Der Beschwerdeführer rügt, die
Verfügung vom 19. Januar 2016 sei nicht begründet worden. Entscheide haben
grundsätzlich schriftlich zu ergehen und sind zu begründen (Art. 80
Abs. 2 StPO). Die Begründungspflicht dient dazu, den
Parteien die für den Entscheid massgebenden Umstände zur Kenntnis zu bringen,
damit sie sich ein Bild über die Tragweite machen, ihn auf seine Richtigkeit
hin überprüfen und gegebenenfalls sachgemäss anfechten können (vgl. BGer 8C_258/2014
vom 15. Dezember 2014 E. 5.2). Eine Ausnahme bilden einfache
verfahrensleitende Verfügungen, welche nach Art. 80 Abs. 3
StPO nicht zu begründen sind. Prozessleitende Entscheide bzw.
Zwischenverfügungen schliessen das Verfahren nicht ab, sondern regeln die Beziehungen
zwischen den Parteien für die Dauer des Verfahrens und stellen daher nur einen
Schritt auf dem Weg zum Endurteil dar.

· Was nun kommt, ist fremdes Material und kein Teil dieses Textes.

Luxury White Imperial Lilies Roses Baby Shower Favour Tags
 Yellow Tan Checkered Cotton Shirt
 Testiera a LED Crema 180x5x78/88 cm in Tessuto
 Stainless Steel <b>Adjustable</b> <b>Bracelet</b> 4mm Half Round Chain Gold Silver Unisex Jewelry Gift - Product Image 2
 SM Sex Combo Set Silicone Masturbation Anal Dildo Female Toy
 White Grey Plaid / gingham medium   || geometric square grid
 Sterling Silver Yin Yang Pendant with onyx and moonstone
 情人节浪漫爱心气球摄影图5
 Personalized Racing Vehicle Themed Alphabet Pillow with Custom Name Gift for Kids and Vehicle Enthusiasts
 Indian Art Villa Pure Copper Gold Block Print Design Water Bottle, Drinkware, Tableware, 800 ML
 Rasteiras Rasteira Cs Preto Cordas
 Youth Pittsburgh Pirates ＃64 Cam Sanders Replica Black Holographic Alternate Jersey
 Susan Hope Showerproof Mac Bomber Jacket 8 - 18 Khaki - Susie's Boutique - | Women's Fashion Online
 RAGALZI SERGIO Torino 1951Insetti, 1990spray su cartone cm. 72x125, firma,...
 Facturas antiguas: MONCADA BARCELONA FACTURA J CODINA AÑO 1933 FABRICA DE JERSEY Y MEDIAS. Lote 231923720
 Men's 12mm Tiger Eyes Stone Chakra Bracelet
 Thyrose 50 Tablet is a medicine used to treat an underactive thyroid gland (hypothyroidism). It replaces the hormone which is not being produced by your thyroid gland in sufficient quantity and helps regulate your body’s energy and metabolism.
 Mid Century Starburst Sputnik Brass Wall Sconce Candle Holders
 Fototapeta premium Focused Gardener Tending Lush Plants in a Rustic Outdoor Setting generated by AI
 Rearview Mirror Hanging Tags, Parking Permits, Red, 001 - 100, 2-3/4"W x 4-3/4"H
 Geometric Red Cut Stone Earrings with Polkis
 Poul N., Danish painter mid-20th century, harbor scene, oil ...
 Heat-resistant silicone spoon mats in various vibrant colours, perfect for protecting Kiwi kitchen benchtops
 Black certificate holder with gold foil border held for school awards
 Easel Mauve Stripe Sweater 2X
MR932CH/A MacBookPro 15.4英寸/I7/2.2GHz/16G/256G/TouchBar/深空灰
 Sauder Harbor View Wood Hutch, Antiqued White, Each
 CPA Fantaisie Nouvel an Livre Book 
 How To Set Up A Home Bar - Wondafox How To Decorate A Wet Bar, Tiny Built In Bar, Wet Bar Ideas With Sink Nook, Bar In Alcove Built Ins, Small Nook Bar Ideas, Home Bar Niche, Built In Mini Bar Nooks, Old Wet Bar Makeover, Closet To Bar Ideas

Demgegenüber bringen Erledigungsbeschlüsse
und –verfügungen das Verfahren ohne Entscheid in der Sache zum Abschluss (Stohner, in: Basler Kommentar zur
Schweizerischen Strafprozessordnung, 2. Auflage 2014, Art. 80 N 4 ff., 12).
Die Verfügung vom 19. Januar
2016 fällt einen Entscheid über das Erlassgesuch des Beschwerdeführers, welches
nach Abschluss des ihm zugrunde liegenden materiellen Verfahrens eingereicht
wurde. Sie bringt das Verfahren um Kostenerlass zum Abschluss und stellt diesbezüglich
eine Endverfügung dar. Sie stellt somit nicht etwa eine von der
Begründungspflicht ausgenommene einfache verfahrensleitende Verfügung, sondern einen
Entscheid im Sinne von Art. 80 Abs. 1 StPO dar, welcher nach
Art. 81 Abs. 1 lit. b StPO begründet werden muss. Dies wurde
vorliegend unterlassen.
Aus den Ausführungen folgt, dass
die Beschwerde gutzuheissen ist. Die Verfügung vom 19. Januar 2016 wird zur
Begründung an die Vorinstanz zurückgewiesen. Bei diesem Ausgang des Verfahrens sind
keine Gerichtskosten zu erheben.
Demgemäss erkennt das
Einzelgericht:
://: In Gutheissung der Beschwerde wird die angefochtene Verfügung
vom 19. Januar 2016 zur Begründung an die Vorinstanz zurückgewiesen.
Für das Beschwerdeverfahren werden keine Gerichtskosten
erhoben.
Mitteilung an:
-
Beschwerdeführer
-
Strafgericht Basel-Stadt
APPELLATIONSGERICHT BASEL-STADT
Die Präsidentin Die
a.o. Gerichtsschreiberin
Dr. Marie-Louise Stamm BLaw
Emily Gasparini
Rechtsmittelbelehrung
Gegen diesen Entscheid kann unter
den Voraussetzungen von Art. 78 ff. des Bundesgerichtsgesetzes (BGG) innert 30
Tagen seit schriftlicher Eröffnung Beschwerde in Strafsachen erhoben
werden. Die Beschwerdeschrift muss spätestens am letzten Tag der Frist beim
Bundesgericht (1000 Lausanne 14) eingereicht oder zu dessen Handen der
Schweizerischen Post oder einer diplomatischen oder konsularischen Vertretung
der Schweiz im Ausland übergeben werden (Art. 48 Abs. 1 BGG). Für die Anforderungen
an den Inhalt der Beschwerdeschrift wird auf Art. 42 BGG verwiesen. Über die
Zulässigkeit des Rechtsmittels entscheidet das Bundesgericht.